Gravitational force is the attractive force that pulls objects toward each other. In our scenario, this force pulls the small water drop downward towards the Earth. You can easily calculate the gravitational force if you know the mass of the object and the acceleration due to gravity. The formula is: \[ F_g = m \cdot g \] where:

• \( F_g \) is the gravitational force in newtons (N)
• \( m \) is the mass of the object in kilograms (kg)
• \( g \) is the acceleration due to gravity, which is approximately \( 9.81 \text{ m/s}^2 \) on Earth

So for a water drop with mass \( 3.50 \times 10^{-9} \text{ kg} \), the gravitational force is calculated to be \( 3.43 \times 10^{-8} \text{ N} \). This means that a tiny force is pulling the drop down.

Electric force is what keeps our water drop stationary despite the gravitational pull. This force is generated by an electric field acting on a charged object. Here, since the drop is suspended in air, the upward electric force exactly counteracts the downward gravitational force.The key to understanding electric force lies in its formula: \[ F_e = qE \] where:

• \( F_e \) is the electric force in newtons (N)
• \( q \) is the charge on the object in coulombs (C)
• \( E \) is the electric field strength in newtons per coulomb (N/C)

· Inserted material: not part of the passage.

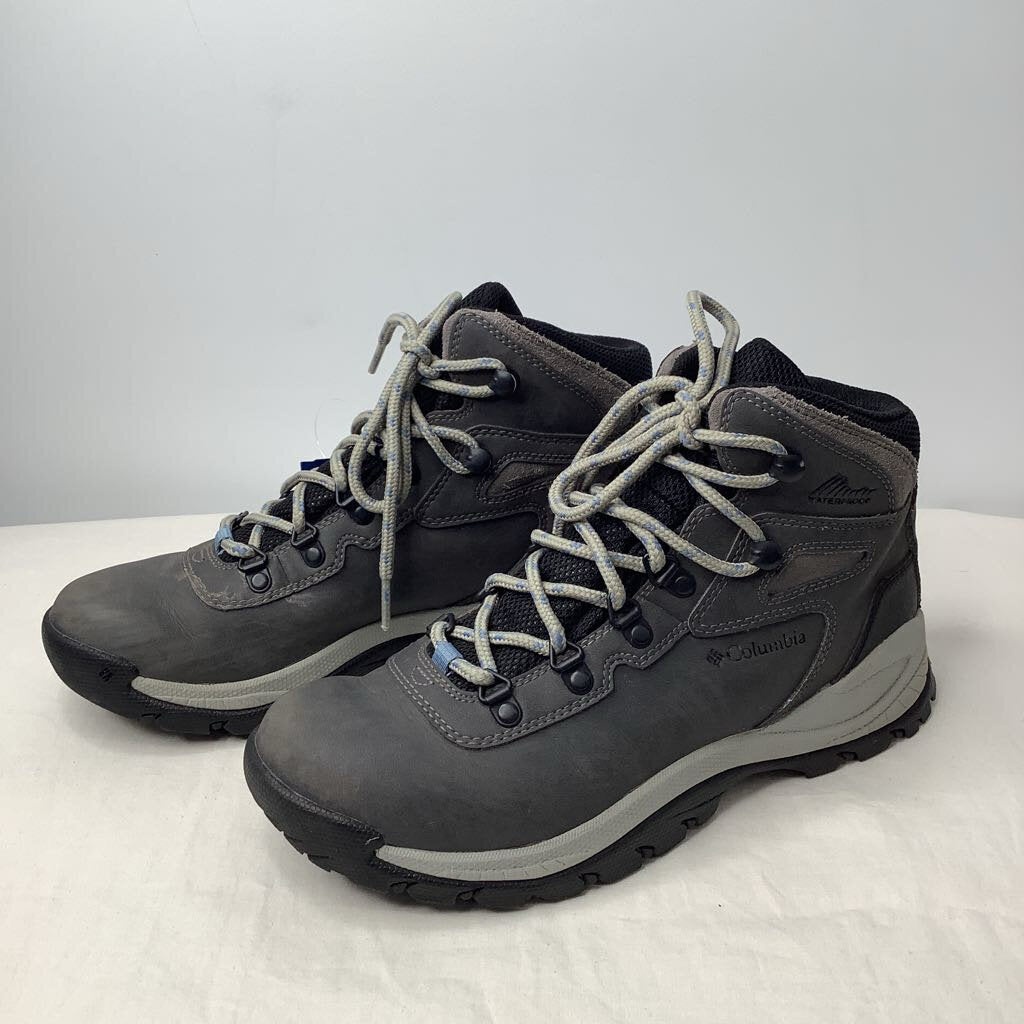 Columbia Boots W 8.5 Multi. Gray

In our example, the electric field is directed upwards with a strength of \( 8480 \text{ N/C} \). This means if the object is positively charged, it would experience an upward force, which is what happens here. This upward electric force balances the gravitational pull.

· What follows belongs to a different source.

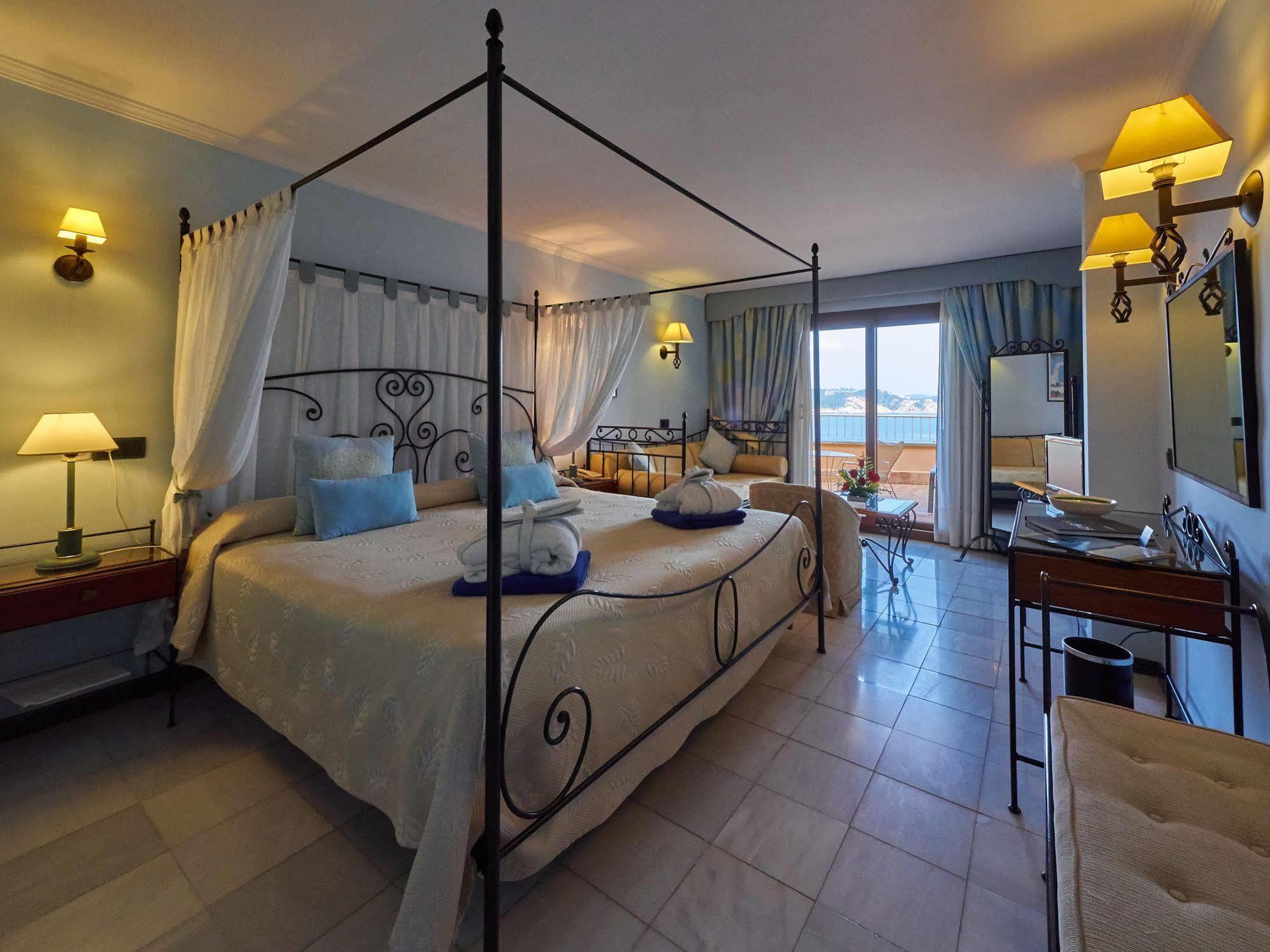 Petit Cala Fornells Hotell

Calculating the charge on the water drop requires knowing that the electric force balances the gravitational force. Since these forces are equal in magnitude, we set their equations equal:\[ F_g = F_e \]From the formulas \( F_g = m \cdot g \) and \( F_e = qE \), we can establish:\[ q \times 8480 = 3.43 \times 10^{-8} \]To find the charge \( q \), divide both sides by \( 8480 \):\[ q = \frac{3.43 \times 10^{-8}}{8480} \approx 4.05 \times 10^{-12} \text{ C} \]This positive value indicates that the water drop has a positive charge, because the electric field direction is upwards, countering the downward gravitational force.

The positive charge calculated for the water drop corresponds to an excess of protons. In physics, each proton has a fundamental charge of \( e = 1.60 \times 10^{-19} \text{ C} \). Knowing the total charge \( q \), we can calculate the number of excess protons by dividing the total charge by the charge of a single proton:\[ \text{Number of protons} = \frac{4.05 \times 10^{-12}}{1.60 \times 10^{-19}} \approx 2.53 \times 10^7 \]This means approximately \( 2.53 \times 10^7 \) excess protons reside on the drop, creating the positive charge. Since electrons carry a negative charge, the presence of excess protons results in a net positive charge.